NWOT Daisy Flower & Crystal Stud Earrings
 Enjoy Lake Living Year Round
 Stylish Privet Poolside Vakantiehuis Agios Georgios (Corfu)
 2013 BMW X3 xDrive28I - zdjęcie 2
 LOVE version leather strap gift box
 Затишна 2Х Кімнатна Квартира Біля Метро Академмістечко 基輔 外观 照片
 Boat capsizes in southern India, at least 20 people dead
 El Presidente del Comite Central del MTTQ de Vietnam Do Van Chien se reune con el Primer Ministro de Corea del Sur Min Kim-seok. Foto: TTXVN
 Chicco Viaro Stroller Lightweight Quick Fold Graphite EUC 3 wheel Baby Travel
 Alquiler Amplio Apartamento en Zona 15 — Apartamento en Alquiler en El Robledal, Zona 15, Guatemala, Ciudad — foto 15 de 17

WHAT IS BEING ASKED:
Write the material out again in its entirety, exactly as shown.

EXERCISE SOLUTION:
NWOT Daisy Flower & Crystal Stud Earrings
 Enjoy Lake Living Year Round
 Stylish Privet Poolside Vakantiehuis Agios Georgios (Corfu)
 2013 BMW X3 xDrive28I - zdjęcie 2
 LOVE version leather strap gift box
 Затишна 2Х Кімнатна Квартира Біля Метро Академмістечко 基輔 外观 照片
 Boat capsizes in southern India, at least 20 people dead
 El Presidente del Comite Central del MTTQ de Vietnam Do Van Chien se reune con el Primer Ministro de Corea del Sur Min Kim-seok. Foto: TTXVN
 Chicco Viaro Stroller Lightweight Quick Fold Graphite EUC 3 wheel Baby Travel
 Alquiler Amplio Apartamento en Zona 15 — Apartamento en Alquiler en El Robledal, Zona 15, Guatemala, Ciudad — foto 15 de 17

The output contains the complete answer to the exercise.